We will give 99% of our Facebook shares—currently about $45 billion—during our lives to advance this mission. We know this is a small contribution compared to all the resources and talents of those already working on these issues. But we want to do what we can, working alongside many others.
Suck it, Bill Gates! Now is a good time to remind you that the Chan Zuckerberg initiative sounds like a charity at all but actually is an LLC—a private company, the same as Facebook.
Will all this make a difference in the world? Maybe. It sounds nice on paper, although the gulf between programs that sound good and those that actually make a difference in this world is really wide. At the very least, Max already seems to have a lot of her life mapped out for her, as her parents’ memo speaks to a future where she is free to “build any business and solve any challenge to grow peace and prosperity.” Kinda putting a lot on the kid’s shoulders her first day, no? Little girl, are you prepared to disrupt the neoproactivity of the monoparadigm?
On a more basic level, is any of this what little Max will want to do when she grows up?
One thing is for certain. As of this very minute, Max doesn’t care about Internet access for the poor. Max, who can’t even crawl yet, definitely doesn’t care about re-engineering education. Max doesn’t care about her inheritance (yet). Yes, she may eventually fret over these things the way the rest of us do, but right now Max wants food and a clean diaper and a flash light to stare at. In a few years, she’ll want her own pony or light saber (or both!). Later on, she’ll want her own car. Through all of this, though, what she’ll want the most is the unconditional love of her parents. She wants to know her mom and dad will be there when she has her first car accident, her first breakup, her first career failure. She’ll probably want that billion-dollar inheritance, too.

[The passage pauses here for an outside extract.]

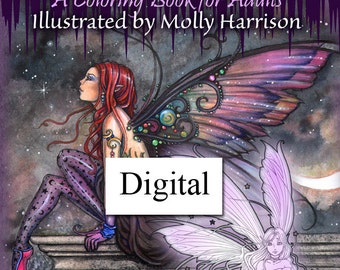 May include: A digital coloring book for adults featuring a fairy with wings and a crescent moon. The book is titled "Fairyland" and illustrated by Molly Harrison. The text "Digital" and "25 Pages to Color!" are also included in the image.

None of that is in this letter. Perhaps they put it in a separate letter they kept private, or they never wrote that letter at all. That’s their parenting choice, one of millions Zuckerberg and Chan will make in their lives. And the one they made yesterday was to use the birth of their daughter as a news peg to promote themselves and their world vision. In the grand ranking of political sins, that’s barely a blip on the radar. But it doesn’t make it any less sad.